How many things are going on before we answer the question, as it says in Hebrew, hineni. Hineni. Behold Lord, here I am.
Shortly afterwards, Booker invited a comment from Sen. Jacky Rosen, who is Jewish and represents Nevada, where his mother lives. Booker praised Rosen as having had “one of the hardest jobs in all of the United States, which is to be president of a shul,” before listening to her comment. After hearing from her, he added a yellow ribbon pin symbolizing the plight of the Israeli hostages in Gaza to his lapel.
“I’m grateful that we were founders of the Black-Jewish Caucus. … The Juneteenth seder’s coming up,” Booker told Rosen, referring to a group that formed in 2021. “I’m going to put this on as you have it on, as I think about Edan Alexander and all those who are suffering. I’m just so grateful for our friendship and what we’ve done against antisemitism, what we’ve done for the Abraham Accords.”
Alexander is one of the 59 hostages remaining in Gaza who were taken when Hamas invaded Israel on Oct. 7, 2023. He grew up in New Jersey before moving to Israel and joining the army.
Booker’s speech is not a filibuster because it is not intended to block the passage of a bill. Still, it delayed Senate operations and is approaching the record length of a Senate speech set in 1957, when the Republican Strom Thurmond held the floor for more than 24 hours to block passage of a civil rights bill. In keeping with Senate rules, Booker has been standing without interruption since he began speaking.

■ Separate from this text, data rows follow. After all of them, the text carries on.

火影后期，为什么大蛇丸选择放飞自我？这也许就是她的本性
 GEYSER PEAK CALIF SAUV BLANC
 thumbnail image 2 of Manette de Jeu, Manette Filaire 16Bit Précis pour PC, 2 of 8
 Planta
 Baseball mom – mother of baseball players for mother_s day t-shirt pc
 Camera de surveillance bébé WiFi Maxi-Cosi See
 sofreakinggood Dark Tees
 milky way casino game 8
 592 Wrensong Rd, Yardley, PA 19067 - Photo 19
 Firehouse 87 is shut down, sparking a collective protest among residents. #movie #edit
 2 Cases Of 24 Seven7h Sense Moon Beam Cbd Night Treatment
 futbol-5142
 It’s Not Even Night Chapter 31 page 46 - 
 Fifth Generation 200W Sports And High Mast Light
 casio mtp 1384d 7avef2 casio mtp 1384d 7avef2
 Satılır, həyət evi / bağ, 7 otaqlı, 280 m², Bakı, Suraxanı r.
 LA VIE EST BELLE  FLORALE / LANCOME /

The Hebrew citation in Tuesday’s speech was not Booker’s most extensive. In 2020, he recited a seven-word line from Jewish liturgy on CNN. The previous year, he cited the Jewish values of “chesed” and “tzedakah” when responding to Trump’s claim — reiterated many times since — that Democrats are disloyal to Jews and Israel. The senator’s affinity for Judaism came from his association with the L’Chaim Society at the University of Oxford, where he was a Rhodes Scholar, and its former director, Rabbi Shmuley Boteach, with whom he later split over politics.